§ **Goal of the exercise**
Once the line containing "RK E9000 Headphone" is found, please copy it and all lines after it through the end of the records, exactly, leaving out pictures.

━━━ Task inputs

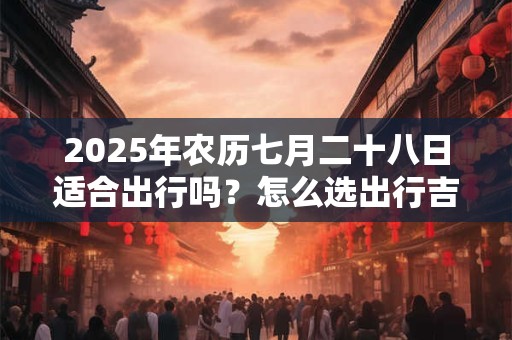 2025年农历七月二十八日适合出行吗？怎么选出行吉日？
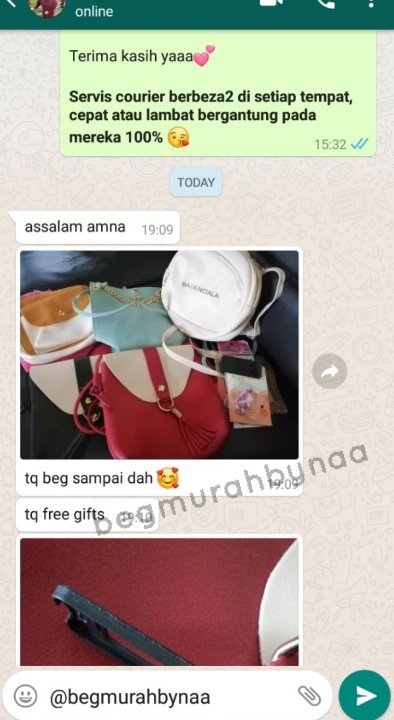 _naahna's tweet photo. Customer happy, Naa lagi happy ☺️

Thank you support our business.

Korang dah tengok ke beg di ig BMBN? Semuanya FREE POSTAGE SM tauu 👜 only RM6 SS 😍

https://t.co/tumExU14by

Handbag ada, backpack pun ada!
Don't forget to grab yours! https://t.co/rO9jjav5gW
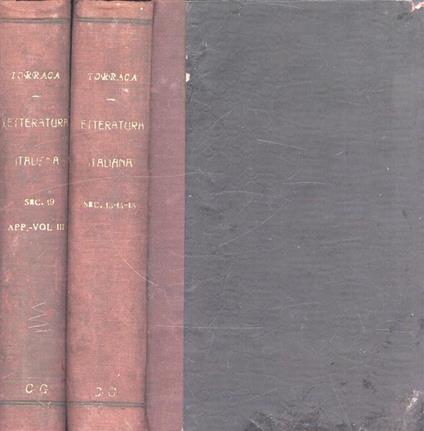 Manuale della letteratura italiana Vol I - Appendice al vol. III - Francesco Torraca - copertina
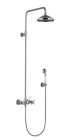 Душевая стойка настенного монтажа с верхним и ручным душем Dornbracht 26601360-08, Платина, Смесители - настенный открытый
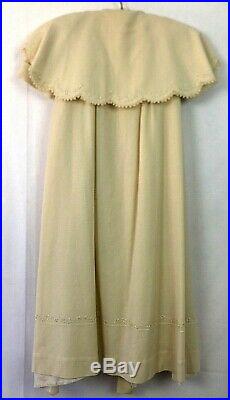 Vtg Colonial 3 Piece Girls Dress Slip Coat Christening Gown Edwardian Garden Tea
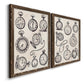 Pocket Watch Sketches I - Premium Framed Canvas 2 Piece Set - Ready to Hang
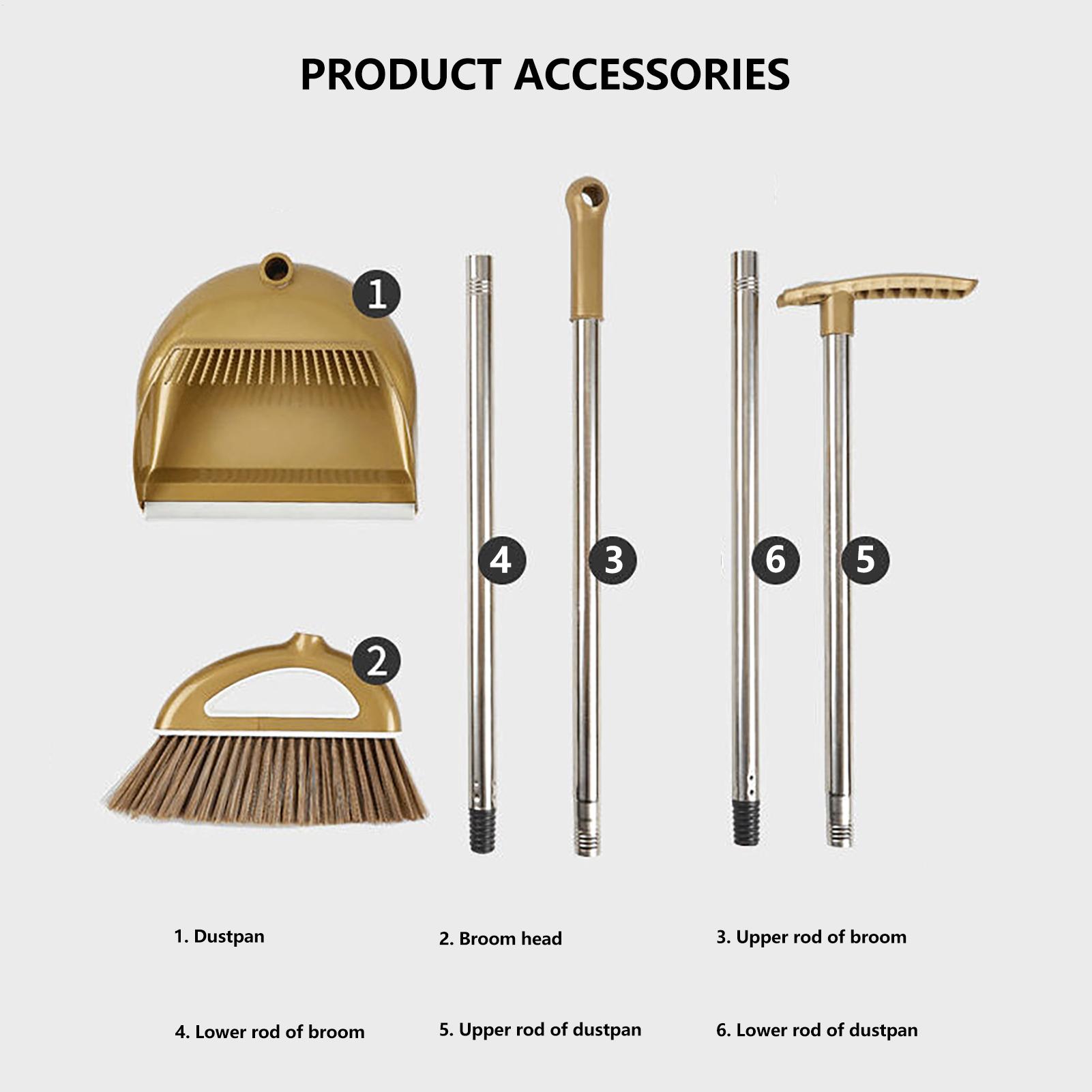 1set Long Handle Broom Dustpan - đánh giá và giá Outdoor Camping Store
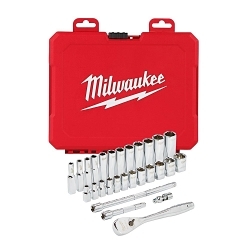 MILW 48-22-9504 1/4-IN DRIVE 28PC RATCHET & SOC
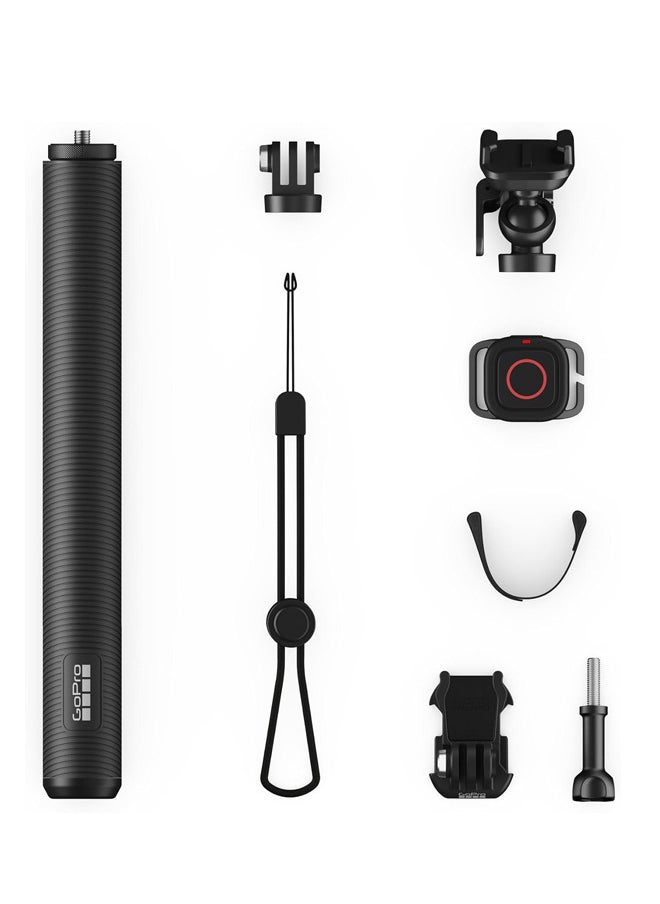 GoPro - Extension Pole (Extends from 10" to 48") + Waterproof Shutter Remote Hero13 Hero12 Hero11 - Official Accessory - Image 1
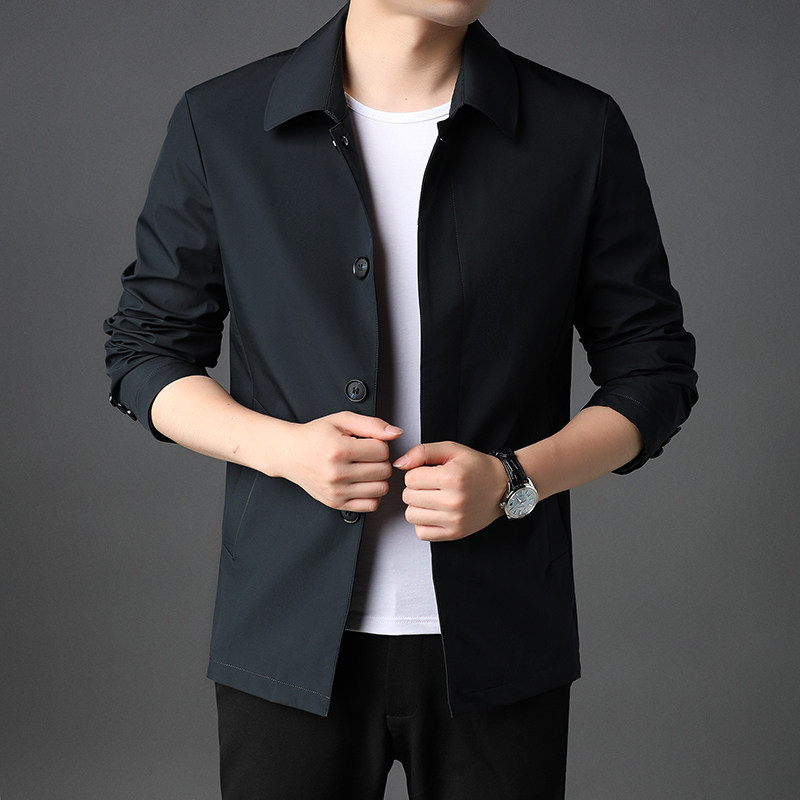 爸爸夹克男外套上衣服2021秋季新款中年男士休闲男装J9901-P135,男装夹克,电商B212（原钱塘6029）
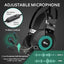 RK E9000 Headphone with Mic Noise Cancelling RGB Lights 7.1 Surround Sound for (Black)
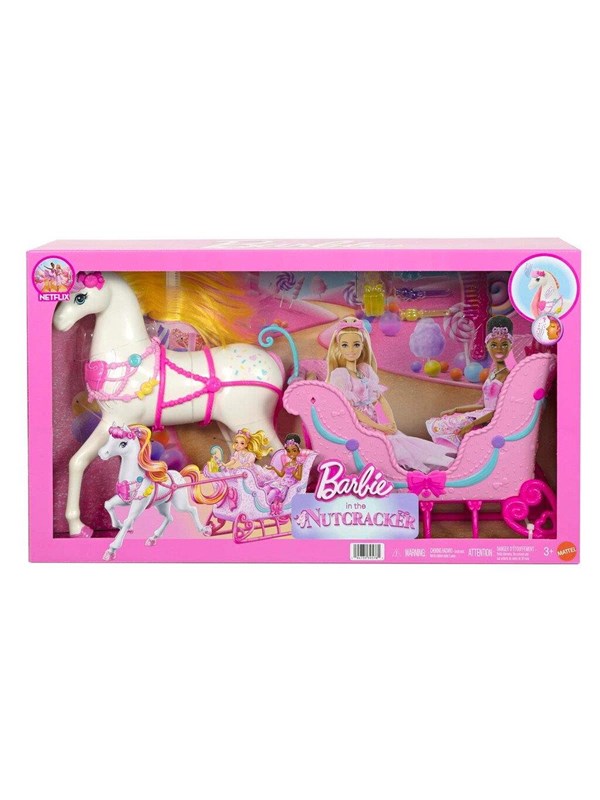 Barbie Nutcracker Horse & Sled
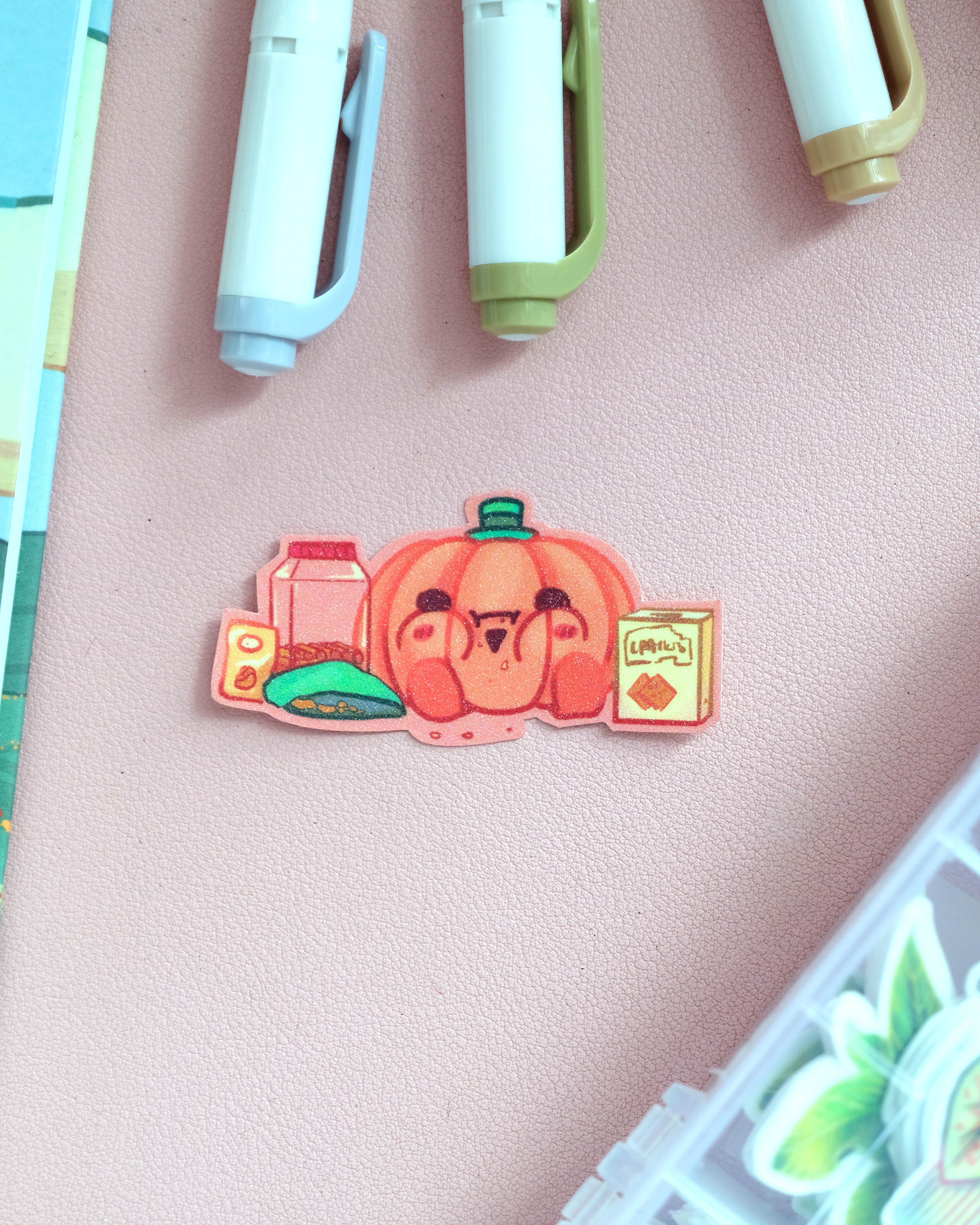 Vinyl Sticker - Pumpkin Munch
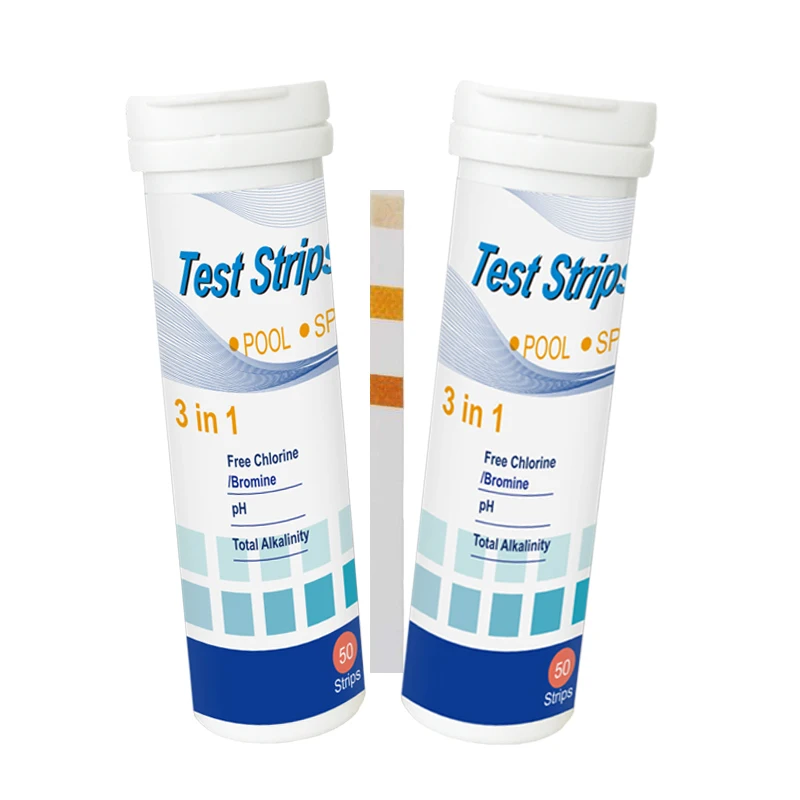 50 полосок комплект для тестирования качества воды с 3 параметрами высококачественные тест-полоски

━━━━━━

§ **Written solution**
 RK E9000 Headphone with Mic Noise Cancelling RGB Lights 7.1 Surround Sound for (Black)
 Barbie Nutcracker Horse & Sled
 Vinyl Sticker - Pumpkin Munch
 50 полосок комплект для тестирования качества воды с 3 параметрами высококачественные тест-полоски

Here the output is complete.